Task: Review the listing and copy each line that holds the word "Side".

BEGIN

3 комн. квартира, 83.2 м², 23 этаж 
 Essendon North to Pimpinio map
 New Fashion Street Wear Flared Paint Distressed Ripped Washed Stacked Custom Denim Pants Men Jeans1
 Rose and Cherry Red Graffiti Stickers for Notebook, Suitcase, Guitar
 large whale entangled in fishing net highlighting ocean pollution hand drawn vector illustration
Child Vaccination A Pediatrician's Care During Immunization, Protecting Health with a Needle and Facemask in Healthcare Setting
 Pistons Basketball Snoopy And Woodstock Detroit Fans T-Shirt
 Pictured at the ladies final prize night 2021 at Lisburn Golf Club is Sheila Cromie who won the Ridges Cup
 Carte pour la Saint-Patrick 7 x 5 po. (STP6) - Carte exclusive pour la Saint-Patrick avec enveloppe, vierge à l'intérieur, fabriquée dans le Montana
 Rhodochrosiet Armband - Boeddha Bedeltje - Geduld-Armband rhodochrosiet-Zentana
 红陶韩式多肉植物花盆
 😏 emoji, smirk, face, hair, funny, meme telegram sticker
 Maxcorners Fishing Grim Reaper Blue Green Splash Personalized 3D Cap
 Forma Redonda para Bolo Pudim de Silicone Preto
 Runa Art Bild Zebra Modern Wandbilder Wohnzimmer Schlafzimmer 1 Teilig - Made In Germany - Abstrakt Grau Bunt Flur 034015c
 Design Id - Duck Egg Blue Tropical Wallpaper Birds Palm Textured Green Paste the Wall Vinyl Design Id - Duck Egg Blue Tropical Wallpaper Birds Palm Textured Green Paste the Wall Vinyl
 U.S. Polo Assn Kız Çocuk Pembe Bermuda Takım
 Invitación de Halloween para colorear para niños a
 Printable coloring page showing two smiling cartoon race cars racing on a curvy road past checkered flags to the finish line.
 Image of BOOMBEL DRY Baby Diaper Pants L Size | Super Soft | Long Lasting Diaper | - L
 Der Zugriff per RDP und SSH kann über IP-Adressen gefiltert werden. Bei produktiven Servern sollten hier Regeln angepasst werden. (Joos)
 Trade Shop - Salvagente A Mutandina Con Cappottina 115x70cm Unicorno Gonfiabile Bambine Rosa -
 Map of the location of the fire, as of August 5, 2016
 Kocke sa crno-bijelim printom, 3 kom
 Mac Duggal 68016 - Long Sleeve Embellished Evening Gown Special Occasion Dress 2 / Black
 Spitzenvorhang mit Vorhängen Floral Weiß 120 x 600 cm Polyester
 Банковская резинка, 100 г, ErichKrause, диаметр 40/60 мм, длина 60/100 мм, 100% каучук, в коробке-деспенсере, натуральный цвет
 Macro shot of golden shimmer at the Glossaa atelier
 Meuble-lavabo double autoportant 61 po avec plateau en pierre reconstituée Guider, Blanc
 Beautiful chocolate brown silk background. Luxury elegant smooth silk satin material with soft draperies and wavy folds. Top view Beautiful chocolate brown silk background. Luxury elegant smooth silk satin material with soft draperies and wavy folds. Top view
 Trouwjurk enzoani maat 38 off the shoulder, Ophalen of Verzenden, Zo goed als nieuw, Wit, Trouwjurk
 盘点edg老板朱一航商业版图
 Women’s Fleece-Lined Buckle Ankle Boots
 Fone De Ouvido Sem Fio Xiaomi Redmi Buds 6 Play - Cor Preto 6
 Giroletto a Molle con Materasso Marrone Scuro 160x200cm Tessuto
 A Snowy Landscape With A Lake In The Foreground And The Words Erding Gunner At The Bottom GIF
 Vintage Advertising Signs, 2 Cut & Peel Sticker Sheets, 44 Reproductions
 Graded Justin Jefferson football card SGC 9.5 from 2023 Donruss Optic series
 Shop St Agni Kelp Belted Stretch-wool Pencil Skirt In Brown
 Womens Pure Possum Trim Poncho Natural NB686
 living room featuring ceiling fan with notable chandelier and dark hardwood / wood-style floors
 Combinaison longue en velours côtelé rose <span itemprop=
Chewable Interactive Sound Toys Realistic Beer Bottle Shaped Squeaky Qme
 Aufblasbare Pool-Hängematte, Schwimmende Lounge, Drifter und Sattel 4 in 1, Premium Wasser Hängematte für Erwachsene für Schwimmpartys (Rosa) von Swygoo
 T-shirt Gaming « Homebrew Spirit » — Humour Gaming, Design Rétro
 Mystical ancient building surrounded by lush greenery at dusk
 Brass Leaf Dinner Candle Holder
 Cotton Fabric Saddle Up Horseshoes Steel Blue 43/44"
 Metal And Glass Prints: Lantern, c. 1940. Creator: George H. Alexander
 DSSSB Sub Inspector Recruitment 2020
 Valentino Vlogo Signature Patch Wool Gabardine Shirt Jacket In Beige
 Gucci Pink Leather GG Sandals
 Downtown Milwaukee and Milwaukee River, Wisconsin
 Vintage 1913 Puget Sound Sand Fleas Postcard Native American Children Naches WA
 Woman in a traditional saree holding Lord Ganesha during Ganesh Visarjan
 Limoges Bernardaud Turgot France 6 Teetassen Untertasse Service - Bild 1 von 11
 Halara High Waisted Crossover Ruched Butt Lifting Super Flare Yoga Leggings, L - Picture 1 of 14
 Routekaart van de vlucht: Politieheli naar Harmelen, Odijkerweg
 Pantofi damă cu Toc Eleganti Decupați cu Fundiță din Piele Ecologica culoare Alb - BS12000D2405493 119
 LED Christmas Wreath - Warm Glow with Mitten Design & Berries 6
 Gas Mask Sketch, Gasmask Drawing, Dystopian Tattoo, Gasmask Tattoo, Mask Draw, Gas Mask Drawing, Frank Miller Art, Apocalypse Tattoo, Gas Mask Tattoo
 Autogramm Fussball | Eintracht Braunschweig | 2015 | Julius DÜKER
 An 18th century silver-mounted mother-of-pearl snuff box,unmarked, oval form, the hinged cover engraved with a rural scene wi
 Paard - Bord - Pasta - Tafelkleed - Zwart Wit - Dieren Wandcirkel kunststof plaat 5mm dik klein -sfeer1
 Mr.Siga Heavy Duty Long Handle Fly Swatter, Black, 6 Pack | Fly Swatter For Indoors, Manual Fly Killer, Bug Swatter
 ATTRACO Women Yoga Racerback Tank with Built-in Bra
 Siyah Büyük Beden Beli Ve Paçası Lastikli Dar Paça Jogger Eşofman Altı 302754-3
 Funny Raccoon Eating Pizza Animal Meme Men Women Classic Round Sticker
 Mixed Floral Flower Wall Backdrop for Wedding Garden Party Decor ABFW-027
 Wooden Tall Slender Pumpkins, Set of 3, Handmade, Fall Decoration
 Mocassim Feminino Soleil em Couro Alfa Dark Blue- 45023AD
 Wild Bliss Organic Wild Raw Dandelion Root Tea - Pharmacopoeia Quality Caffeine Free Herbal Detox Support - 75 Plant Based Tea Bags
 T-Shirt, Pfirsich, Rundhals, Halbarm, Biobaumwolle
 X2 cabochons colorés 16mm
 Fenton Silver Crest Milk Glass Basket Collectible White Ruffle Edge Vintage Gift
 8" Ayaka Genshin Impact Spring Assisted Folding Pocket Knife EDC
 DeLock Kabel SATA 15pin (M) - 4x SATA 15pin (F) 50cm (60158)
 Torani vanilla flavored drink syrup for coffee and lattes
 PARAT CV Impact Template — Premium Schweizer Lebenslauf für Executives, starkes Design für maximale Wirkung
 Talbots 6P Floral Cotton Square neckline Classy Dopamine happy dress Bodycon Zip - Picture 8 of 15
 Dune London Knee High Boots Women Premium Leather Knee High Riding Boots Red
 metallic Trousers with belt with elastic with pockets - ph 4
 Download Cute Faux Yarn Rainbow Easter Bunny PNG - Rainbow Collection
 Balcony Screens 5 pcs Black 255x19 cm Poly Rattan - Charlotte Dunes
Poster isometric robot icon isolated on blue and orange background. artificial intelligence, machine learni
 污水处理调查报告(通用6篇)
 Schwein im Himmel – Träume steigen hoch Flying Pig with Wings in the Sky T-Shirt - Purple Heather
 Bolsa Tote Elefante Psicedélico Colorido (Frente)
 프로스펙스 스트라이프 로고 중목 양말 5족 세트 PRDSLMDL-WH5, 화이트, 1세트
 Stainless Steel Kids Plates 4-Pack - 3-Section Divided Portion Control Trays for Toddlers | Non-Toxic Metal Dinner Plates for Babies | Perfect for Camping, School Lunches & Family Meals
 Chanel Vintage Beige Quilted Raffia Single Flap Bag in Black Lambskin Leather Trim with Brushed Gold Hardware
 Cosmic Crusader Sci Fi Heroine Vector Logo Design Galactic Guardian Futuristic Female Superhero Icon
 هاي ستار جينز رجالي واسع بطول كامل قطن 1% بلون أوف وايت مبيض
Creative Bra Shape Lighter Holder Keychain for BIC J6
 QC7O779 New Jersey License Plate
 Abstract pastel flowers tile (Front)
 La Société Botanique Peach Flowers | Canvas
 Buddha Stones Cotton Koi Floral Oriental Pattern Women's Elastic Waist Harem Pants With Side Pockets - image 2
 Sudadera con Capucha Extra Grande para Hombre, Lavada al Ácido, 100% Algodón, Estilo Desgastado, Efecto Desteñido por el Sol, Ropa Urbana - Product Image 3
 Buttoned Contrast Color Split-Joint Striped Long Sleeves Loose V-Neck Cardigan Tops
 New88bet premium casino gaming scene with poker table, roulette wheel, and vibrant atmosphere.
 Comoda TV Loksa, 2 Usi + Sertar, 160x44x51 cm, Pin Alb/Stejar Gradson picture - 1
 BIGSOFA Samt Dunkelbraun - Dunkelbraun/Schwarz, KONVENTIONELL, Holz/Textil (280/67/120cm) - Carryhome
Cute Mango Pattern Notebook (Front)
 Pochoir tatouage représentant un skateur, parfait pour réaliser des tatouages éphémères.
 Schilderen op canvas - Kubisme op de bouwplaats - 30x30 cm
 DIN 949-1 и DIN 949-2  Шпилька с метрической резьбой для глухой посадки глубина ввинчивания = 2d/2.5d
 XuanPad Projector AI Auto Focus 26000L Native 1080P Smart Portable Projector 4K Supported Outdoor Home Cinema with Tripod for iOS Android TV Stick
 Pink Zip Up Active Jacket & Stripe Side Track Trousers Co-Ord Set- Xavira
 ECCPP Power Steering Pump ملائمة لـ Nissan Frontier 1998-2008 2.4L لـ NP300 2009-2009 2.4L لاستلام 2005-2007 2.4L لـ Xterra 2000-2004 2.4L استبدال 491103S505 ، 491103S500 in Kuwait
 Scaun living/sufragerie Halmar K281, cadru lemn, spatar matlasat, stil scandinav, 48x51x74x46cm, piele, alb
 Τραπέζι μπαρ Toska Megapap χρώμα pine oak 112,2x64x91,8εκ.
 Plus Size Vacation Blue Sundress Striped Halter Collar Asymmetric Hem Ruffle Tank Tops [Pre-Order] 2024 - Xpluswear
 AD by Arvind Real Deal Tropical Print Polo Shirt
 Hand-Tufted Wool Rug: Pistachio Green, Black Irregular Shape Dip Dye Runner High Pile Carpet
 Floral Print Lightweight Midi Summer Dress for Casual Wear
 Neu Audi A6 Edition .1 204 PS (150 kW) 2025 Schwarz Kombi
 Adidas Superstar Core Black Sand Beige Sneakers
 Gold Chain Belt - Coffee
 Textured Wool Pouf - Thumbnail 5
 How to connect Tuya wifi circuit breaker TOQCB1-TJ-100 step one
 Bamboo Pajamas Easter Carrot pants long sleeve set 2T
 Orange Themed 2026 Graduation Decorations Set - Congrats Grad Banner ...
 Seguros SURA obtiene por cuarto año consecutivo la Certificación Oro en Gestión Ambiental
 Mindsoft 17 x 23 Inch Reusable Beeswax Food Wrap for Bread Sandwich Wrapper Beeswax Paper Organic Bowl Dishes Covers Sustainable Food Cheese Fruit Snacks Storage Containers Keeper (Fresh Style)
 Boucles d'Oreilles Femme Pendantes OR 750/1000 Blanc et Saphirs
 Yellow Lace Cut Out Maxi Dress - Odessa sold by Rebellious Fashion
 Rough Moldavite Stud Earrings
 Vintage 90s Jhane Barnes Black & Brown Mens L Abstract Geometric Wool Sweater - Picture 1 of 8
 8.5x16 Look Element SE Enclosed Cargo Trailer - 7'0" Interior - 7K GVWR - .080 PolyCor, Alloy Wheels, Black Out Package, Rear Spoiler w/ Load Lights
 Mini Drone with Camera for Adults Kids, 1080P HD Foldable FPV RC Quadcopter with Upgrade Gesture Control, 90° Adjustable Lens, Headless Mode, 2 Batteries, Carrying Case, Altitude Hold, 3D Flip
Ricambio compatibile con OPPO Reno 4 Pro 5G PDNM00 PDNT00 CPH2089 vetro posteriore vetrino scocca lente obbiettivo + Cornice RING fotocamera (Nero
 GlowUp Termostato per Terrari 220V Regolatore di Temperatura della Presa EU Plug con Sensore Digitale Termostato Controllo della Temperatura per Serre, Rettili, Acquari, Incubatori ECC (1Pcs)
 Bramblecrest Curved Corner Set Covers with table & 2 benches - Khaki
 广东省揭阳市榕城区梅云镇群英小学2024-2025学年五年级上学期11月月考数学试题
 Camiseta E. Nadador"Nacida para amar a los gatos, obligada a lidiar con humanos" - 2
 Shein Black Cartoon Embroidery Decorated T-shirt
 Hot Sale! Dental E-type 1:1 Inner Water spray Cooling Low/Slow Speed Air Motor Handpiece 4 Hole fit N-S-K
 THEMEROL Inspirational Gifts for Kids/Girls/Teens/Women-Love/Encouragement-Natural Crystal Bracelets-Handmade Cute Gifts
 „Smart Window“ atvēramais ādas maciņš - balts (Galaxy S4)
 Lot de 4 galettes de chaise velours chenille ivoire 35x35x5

END

Solved problem:
 Buddha Stones Cotton Koi Floral Oriental Pattern Women's Elastic Waist Harem Pants With Side Pockets - image 2
 Pink Zip Up Active Jacket & Stripe Side Track Trousers Co-Ord Set- Xavira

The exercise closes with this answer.